Personal information
- Full name: Peter López Santos
- Born: September 13, 1981 (age 44) Irvine, California

Sport
- Sport: Taekwondo
- Event: 68 kg

Medal record
Men's taekwondo
Representing Peru
Pan American Games
| Silver medal – second place | 2007 Rio de Janeiro | Featherweight |
South American Games
| Gold medal – first place | 2010 Medellín | Featherweight |

= Peter López =

Peruvian taekwondo athlete (born 1981)

Peter López Santos (born September 23, 1981) is an American-born citizen who is a Peruvian taekwondo fighter. He is most recognized for being a top international featherweight athlete for the Peruvian Taekwondo Team at present.

==Biography==
López was born in Irvine, California, in the United States, but aged five his family returned to live in Surquillo (Lima, Peru) for a few years.

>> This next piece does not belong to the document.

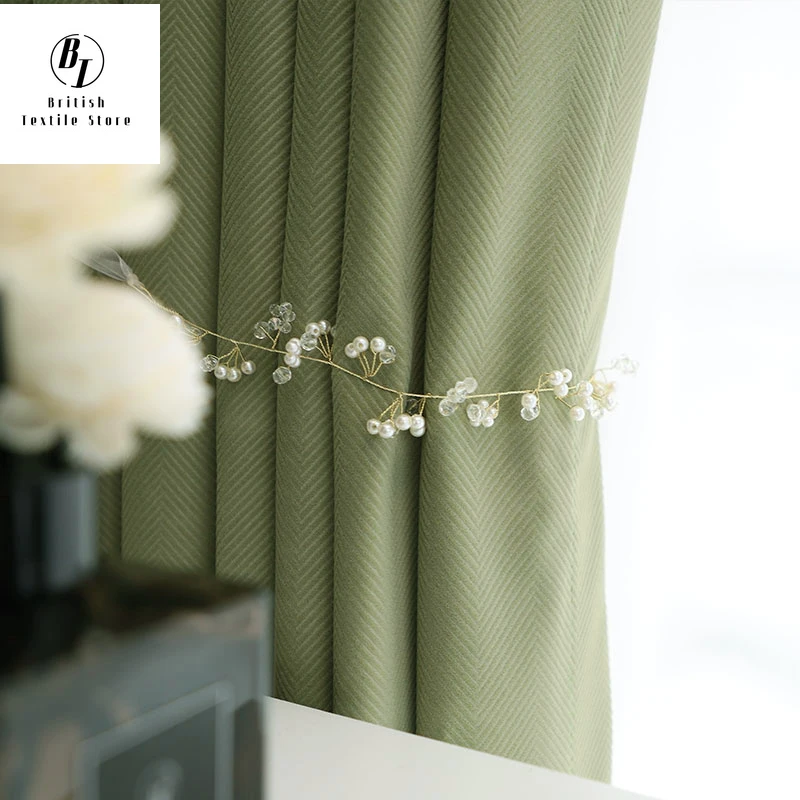 

Modern Customized Matcha Green Cardamom Nordic Simple Custom Shading Japanese Velvet Curtains for Living Room Bedroom Dining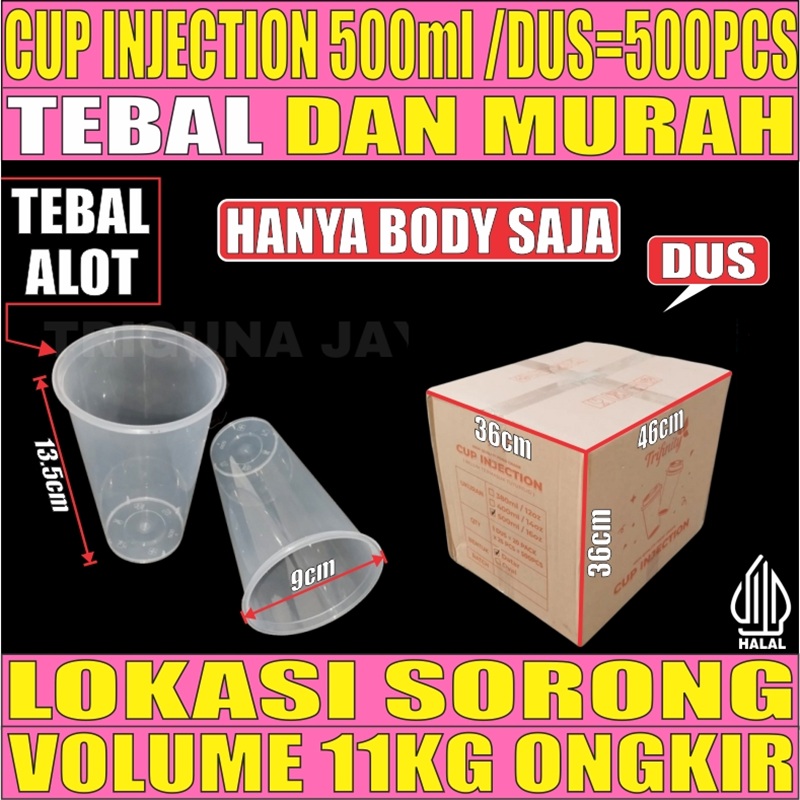Cup Injection 500ml 16oz Dus 500pcs Thinwall Cup Injection Rata Transparan L2BRT59T4H4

It was in Peru that López started his first taekwondo class with his dad, who would later become his coach during the early years of his career as an athlete.

Eventually the family López returned to the U.S, where he began to competeand won 1998 Youth World Champion, Champion in the older category in 2001, bronze medal of the World Cup 2002, silver medal at the 2002 Pan American Championships and bronze medal at the 2003 World Championship, among others.

In 2004, the Peruvian Taekwondo Federation invited López to lead a training course. It was at this time that he decided to represent Peru. Despite this- the "club Elite" based in Texas- continues to support him. "It's like my family," López once said about this club.

According to the Peruvian Olympic Committee, of the 15 athletes who participated in the 2008 Beijing Olympics, López was the one that had the greatest chance of winning a medal in the 'feather' category (up to 68 kilos). López won his first two matches against Burak Hasan from Australia and Isah Adam Muhammad from Nigeria before losing the semifinal matches against the American Mark Lopez. He would then dispute the bronze medal match against Servet Tazegül from Turkey where he lost by one point.

In 2011, he competed at the 2011 Pan American Games where he would also represent Peru in the 68 kilos category. He did not advance from the quarterfinals.

Lopez represented Peru at the 2012 London Olympics.